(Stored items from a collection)
##########

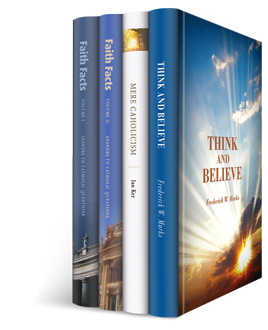 Catholic Apologetics Collection (4 vols.)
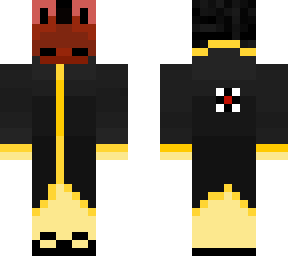 kimetsu ninja custom clan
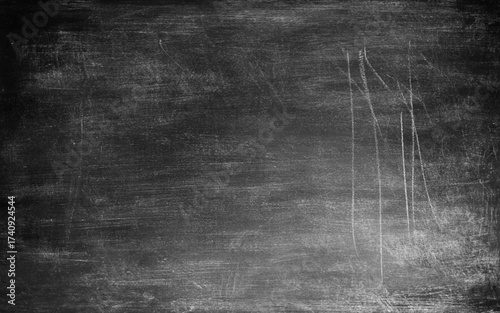 Texture grunge black and white. Abstract monochrome background. 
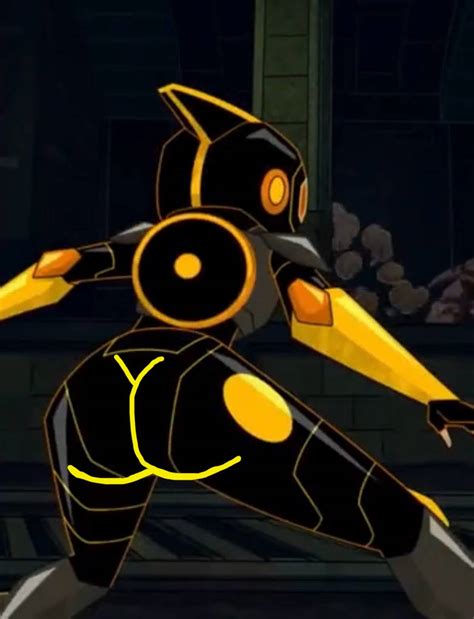 gogo tomago butt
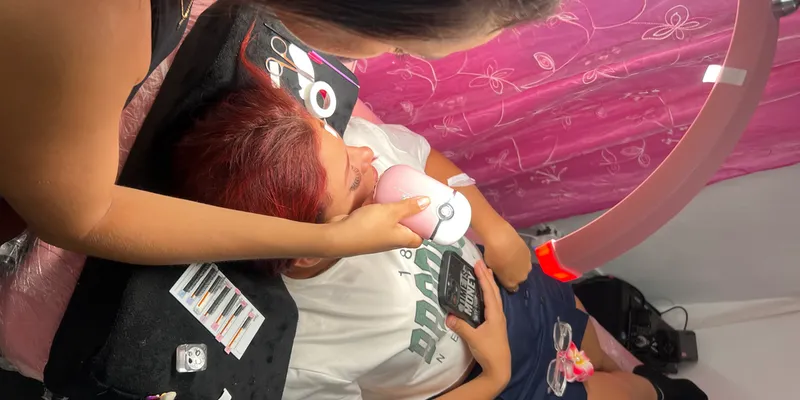 Curso de extensiones pelo a pelo 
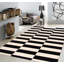 Striped Area Rug
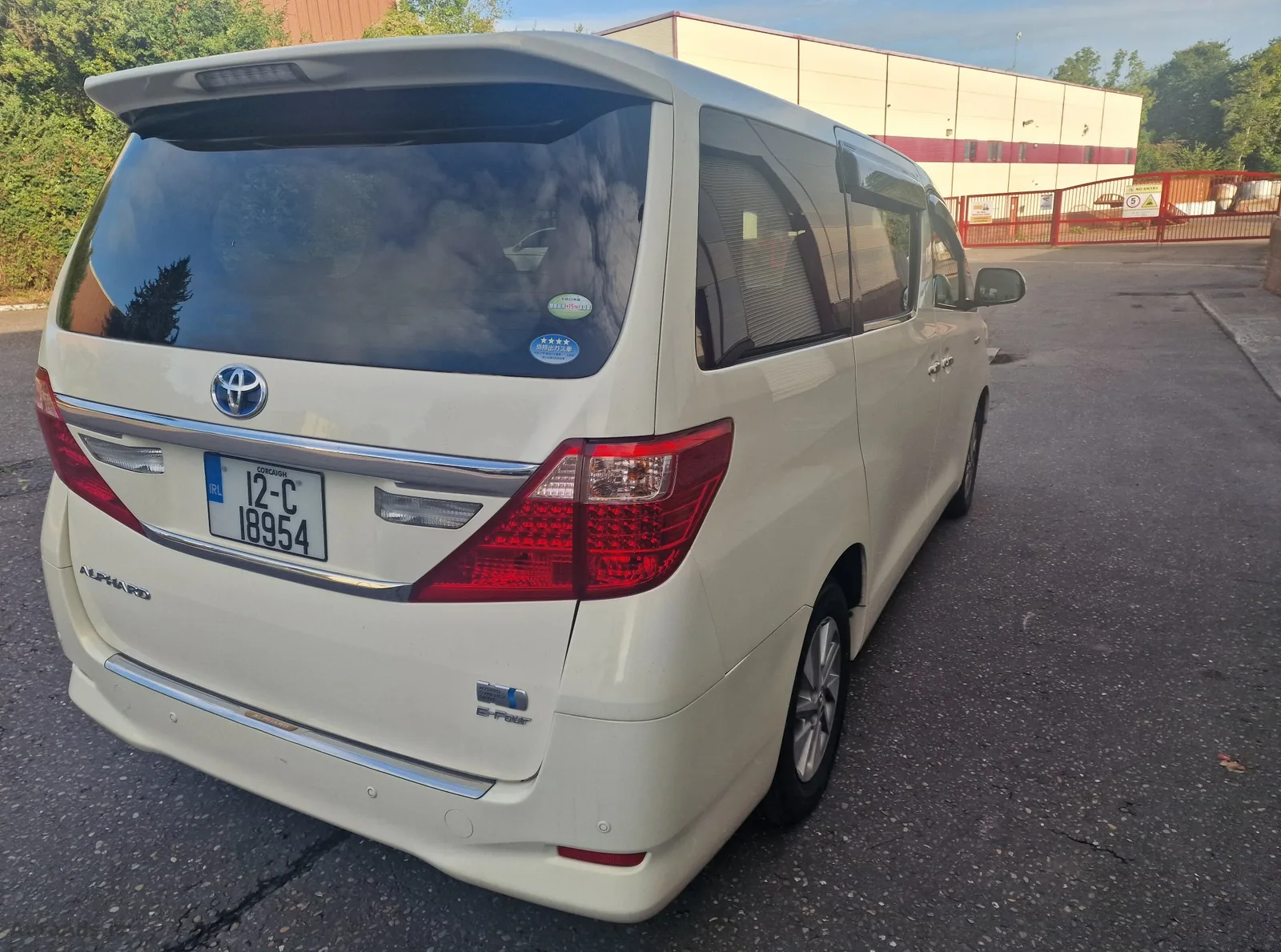 2012 Toyota Aygo X – photo 11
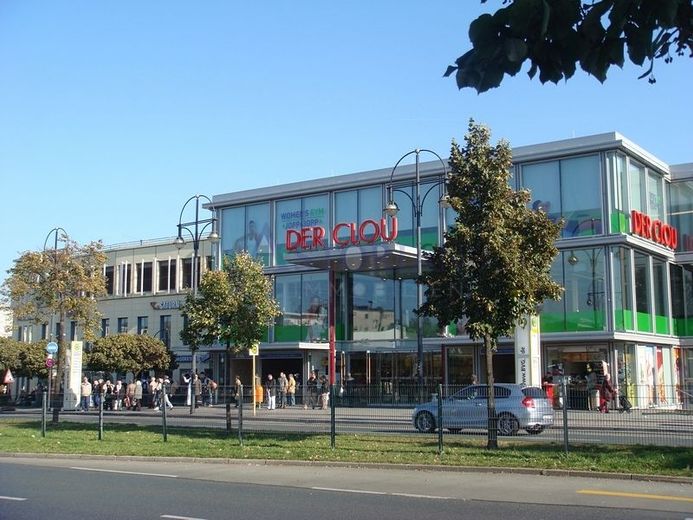 2-Zimmer-Eigentumswohnung mit Balkon in Reinickendorf – Einkaufszentrum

##########

#### [Task statement]
Take the line that holds "Texture grunge black" as the start and the last line of the data as the end. Copy only those lines exactly, both ends included, except the pictures.

#### [Answer box]
 Texture grunge black and white. Abstract monochrome background. 
 gogo tomago butt
 Curso de extensiones pelo a pelo 
 Striped Area Rug
 2012 Toyota Aygo X – photo 11
 2-Zimmer-Eigentumswohnung mit Balkon in Reinickendorf – Einkaufszentrum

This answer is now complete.